You can simplify and reclaim your life.

It has been said that life is more than long enough, as long as you’re not wasting time. You’re wasting time if your life is more complicated than it needs to be.

Use these easy techniques to create a simpler life that’s more meaningful to you:

1. Know your priorities. 

Who and what are most important to you? What do you want to accomplish with your life? What are your goals? If you understand your priorities, it’s easier to simplify your life, because you know what matters and what doesn’t.

This includes identifying your daily priorities each day. Life is simpler when you know exactly what you want to get done each day. Make a list each evening for the next day and stick to it.

2. Start your day with Meditation. 

One of the great benefits of meditation is the clarity it provides. The things, activities, and people in your life that matter will become more apparent. Everything else is just habit and noise.

3. Declutter your home. 

Go from room to room and consider everything. What do you not use? What do you not need? What do you not love? If you don’t use, need, or love it, strongly think about getting rid of it.

If you’re resistant to removing something from your life, ask yourself why.

4. Track your activity for one weekday and one weekend day. 

Record how you spend your time each hour. For example, at 9:00 am you might write: 8:00-9:00: 15 minutes answering email. 15 minutes surfing the internet. 30 minutes driving to work.

Do that for the whole day and tabulate how you spent your time. You’ll likely see a few activities that are taking up your time without providing much value to your life. Be ruthless in controlling these time-wasters.

5. Assess your commitments. 

This includes regular social activities, committees, clubs, and other commitments. Compare these to your list of priorities and goals. If a commitment doesn’t help you accomplish what’s most important to you, consider quitting.

6. Create routines. 

Routines are just a series of habits. You can have a routine for cleaning the kitchen or completing a report at work. 

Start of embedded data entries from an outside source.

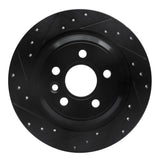 R1 Concepts 07-18 Volvo V60 Cross Country Rear Left Drilled & Slotted Black Brake Rotor by R1 Concepts RNC-633-27035L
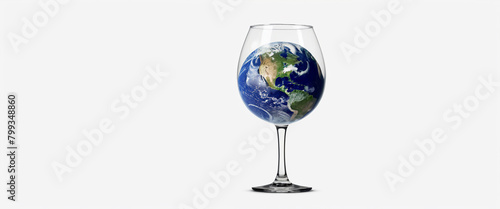 illustrazione di pianeta terra contenuto in un bicchiere di cristallo photo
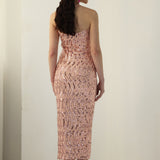 Diamante Riided Midi Kleit Roosa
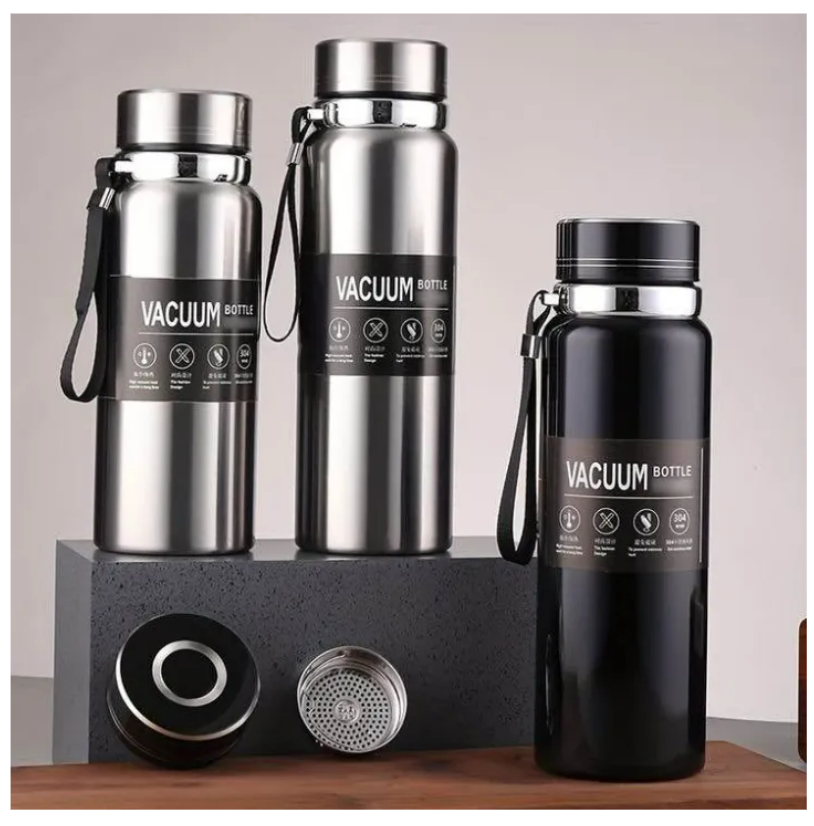 1000ML Thermos Vaccum Flask Hot And Cold Water Bottle Stainles Steel Body Thermal Water Coffee Tea Travel Mug Leakproof Vacuum Flasks Thermos Bottle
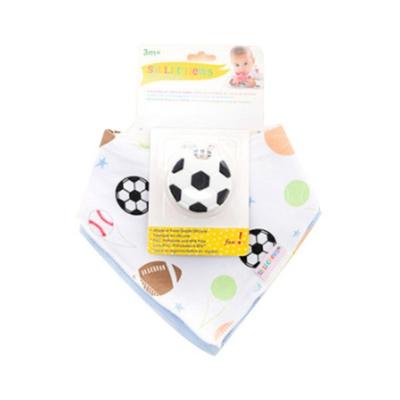 Silichu Scarf Bib + Teether Set 1170, Nipple (3 Months or More), Soccer Ball, Korean Baby Products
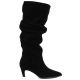 6. Damen-Lederstiefel, gerüscht, schwarz, Vinceza ZHI27-89167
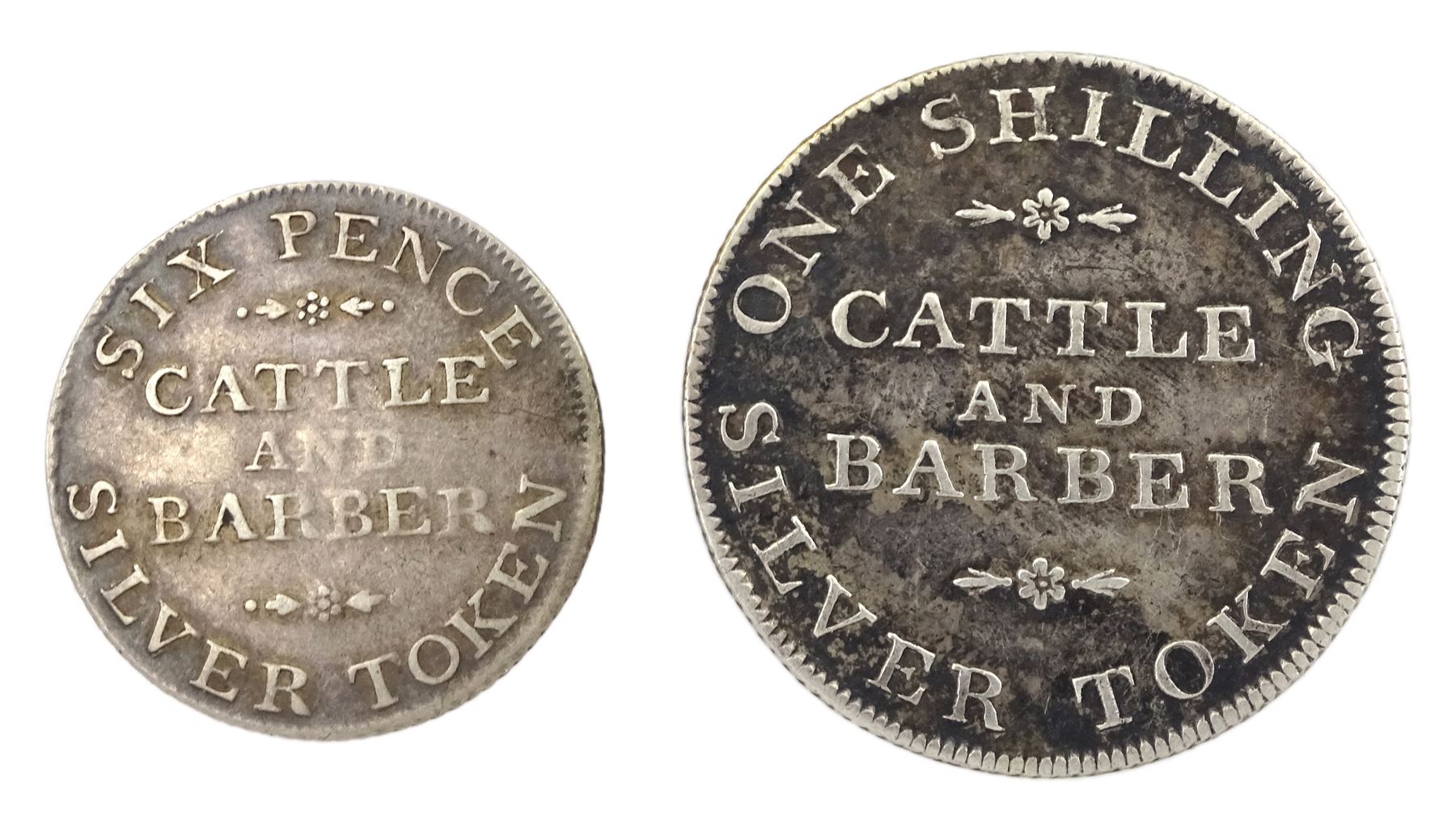 Two York 1811 Cattle and Barber silver tokens - Image 2 of 2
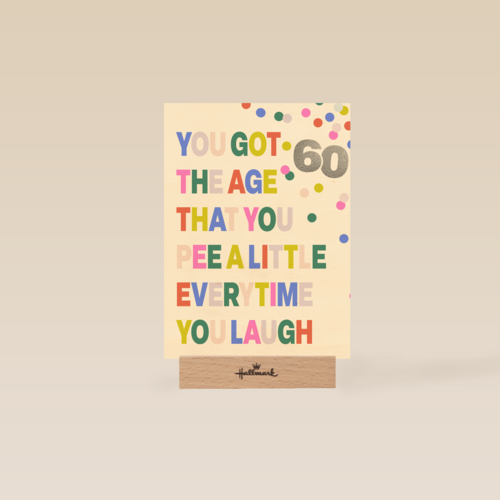 Verjaardagskaart 60 pee every time you laugh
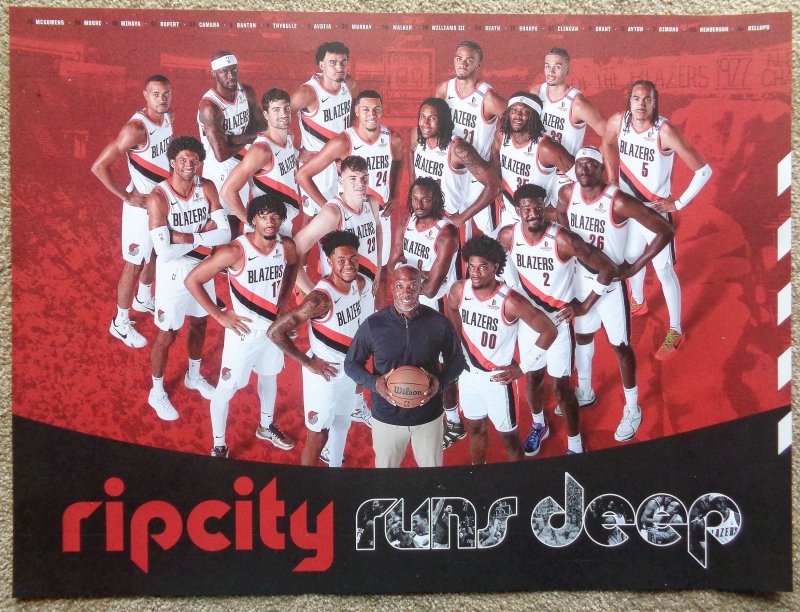 Image 0 of Portland Trailblazers 2024-25 TEAM POSTER Handout Blazers Shaedon Scoot Anfernee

Routines simplify the amount of thinking you have to do. You can use your intellectual resources for other things.
A few other examples include a morning and evening routine for yourself, a yard work routine, an after-school routine for children, or an exercise routine.

7. Assess the people in your life. 

Are all the optional people in your life adding something worthwhile to your life? Are you still dragging around an old high school friend or two that you don’t enjoy spending time with anymore? It’s not always easy to eliminate people from your life, but it may help you.

8. Don’t be afraid to say “no.” 

Before adding new commitments to your life, remember to review your priorities and goals. Be willing to decline any offers that complicate your life unnecessarily. Be brave and tell a few people “no.” It will do wonders for your self-esteem and support simplifying your life.

Give yourself the gift of freedom and simplify your life. Once you’ve completed the process, repeat it again every few months. The first round will produce a lot of benefits, but you can simplify your life even further.

Buddhist monks are allowed little more than two robes, a spoon, a bowl, and a pair of sandals. How simple can you make your life?